This is a great example of classic graphics design (at least I'm guessing she probably had some training in it) being directly translated to the web. It's just an image made entirely in Photoshop and the space for the links are carved there. Photoshop-designed websites definitely peaked in the early 2000s. Nowadays you'd be wild to start with PS for designing a website.
I kinda miss the dead simple near-pixel-perfection and freedom of font choice that could be achieved with tables-and-images web design. If you were smart with choice of color, image format, etc you could even make them load fast on slow connections despite the large number of images involved. Their source code was awful to look at but it’s not like modern web design doesn’t come with its own dump truck full of trade-offs.
* Photoshop-designed websites definitely peaked in the early 2000s*

It lasted longer than that. Sketch wasn’t launched until 2010 and it probably took a good five years (at least) for people to switch to that

Guilty as charged.

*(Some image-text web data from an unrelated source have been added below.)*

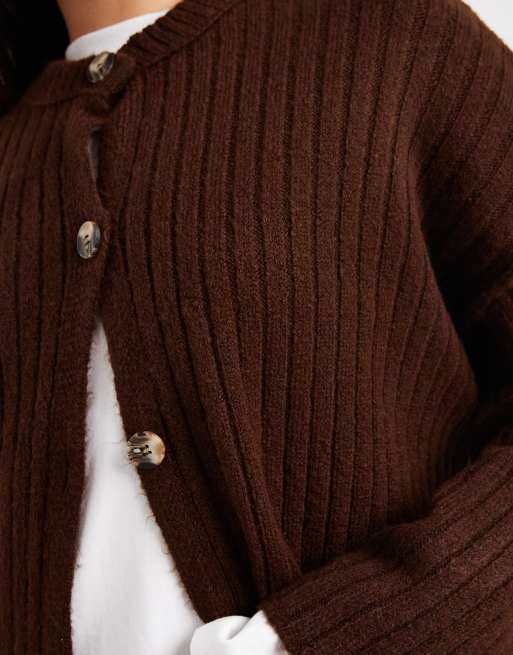 Miss Selfridge - Cardigan color cioccolato a coste oversize, 4 di 4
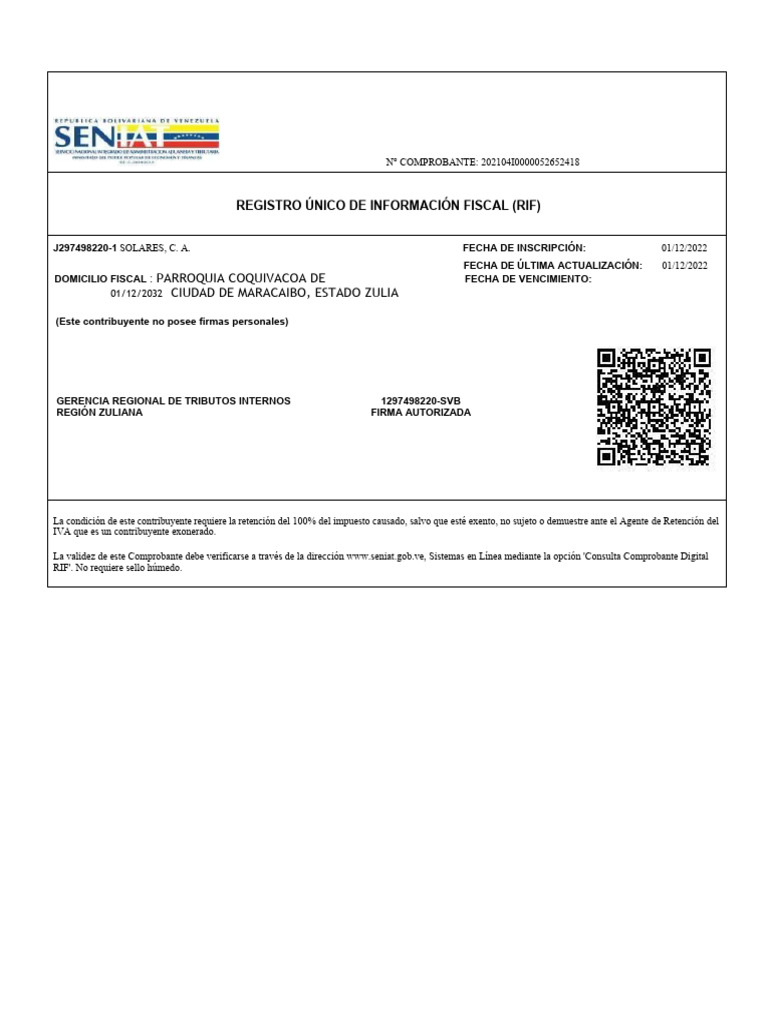 Número de Certificado del RIF en Zulia | PDF | Negocios | Finanzas y dinero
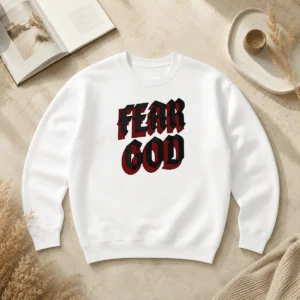 Top Fear God Script Print Faith Inspired Minimalist Religious Statement Sweater
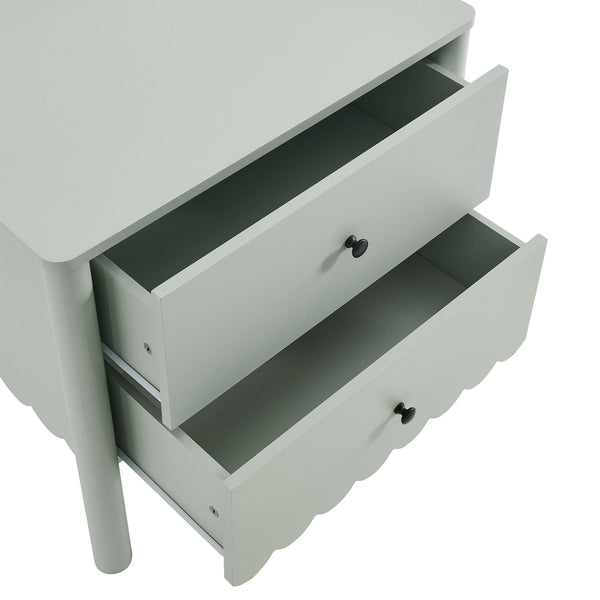 Modway Furniture Emmeline Scalloped 2-drawer Nightstand - Elegant Storage Solution For Modern Bedrooms & Living Spaces Green  Mod-7206-sge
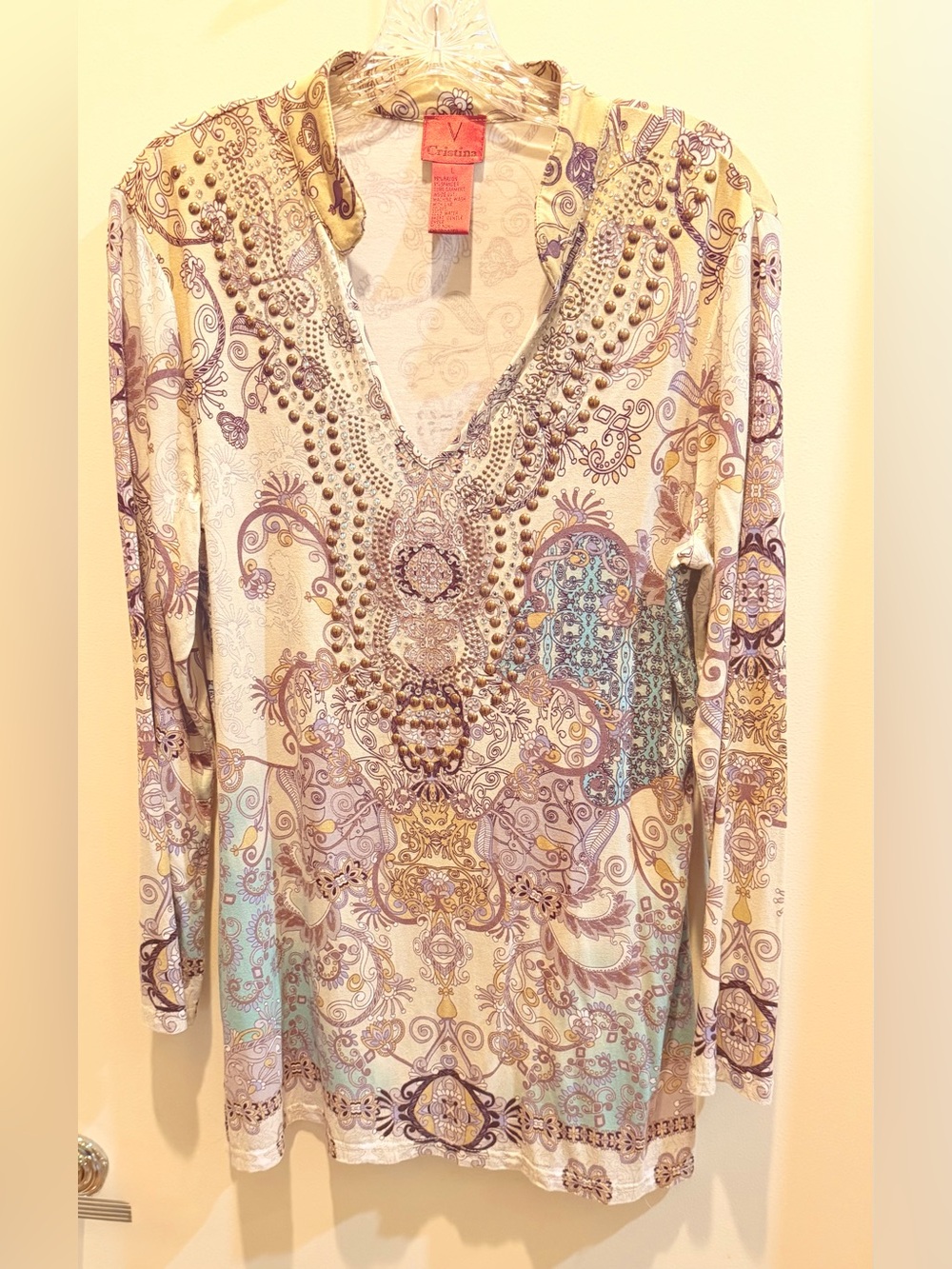 V Cristina Paisley Embellished V-Neck Tunic — Cream with Pastel Accents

Also don’t forget about frames, marquee text, and that smoking skeleton wearing sunglasses gif. :)
Frames were quite useful at times, though, particularly for sites that acted as a directory of other sites. With how slow dialup could be it was sometimes nice to have the list of sites you might want to visit in a compact list frame to the left so you didn’t have to hit back 5 times to get back to the directory or juggle multiple windows (because tabs didn’t yet exist).
Frames were a great way to keep around nav before the sticky css attribute. However, they were horrible for linking.